(DATASET SECTION)

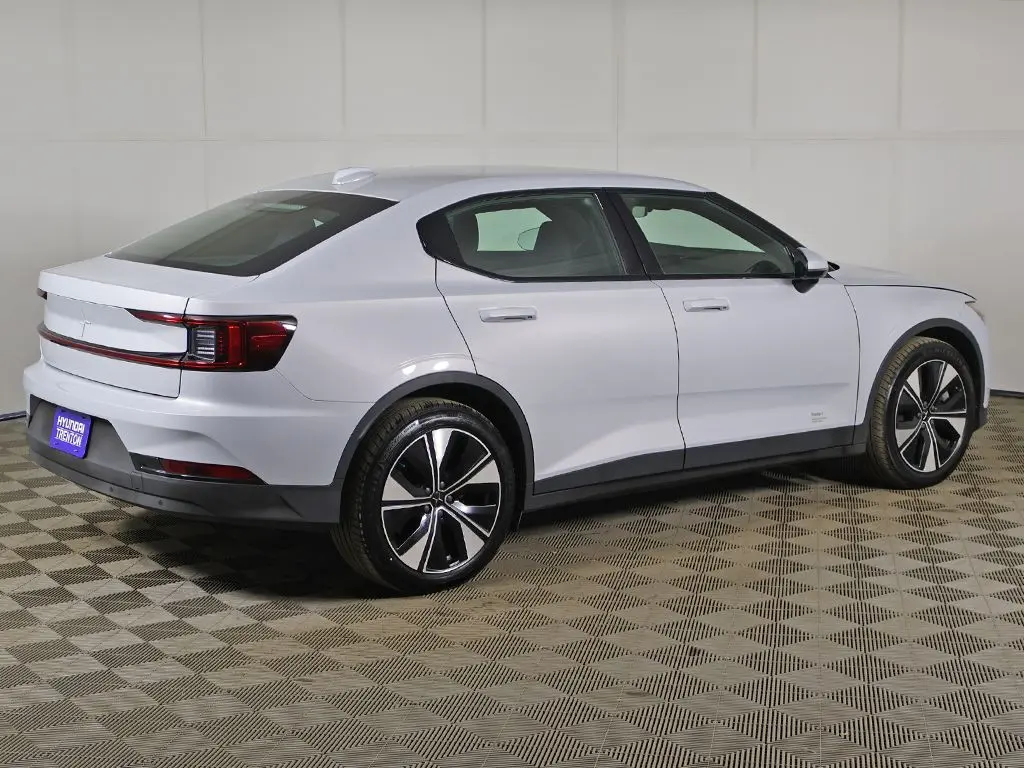 2023 Polestar 2 - $24,599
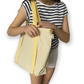 Tote Bag Aveiro amarillo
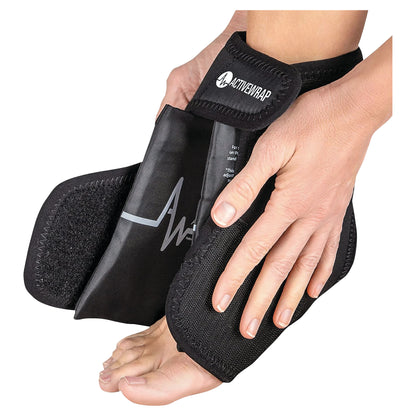 ActiveWrap, Foot/Ankle, Large/X-Large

(End DATASET SECTION)

Drop the images and copy all the data exactly.

 2023 Polestar 2 - $24,599
 Tote Bag Aveiro amarillo
 ActiveWrap, Foot/Ankle, Large/X-Large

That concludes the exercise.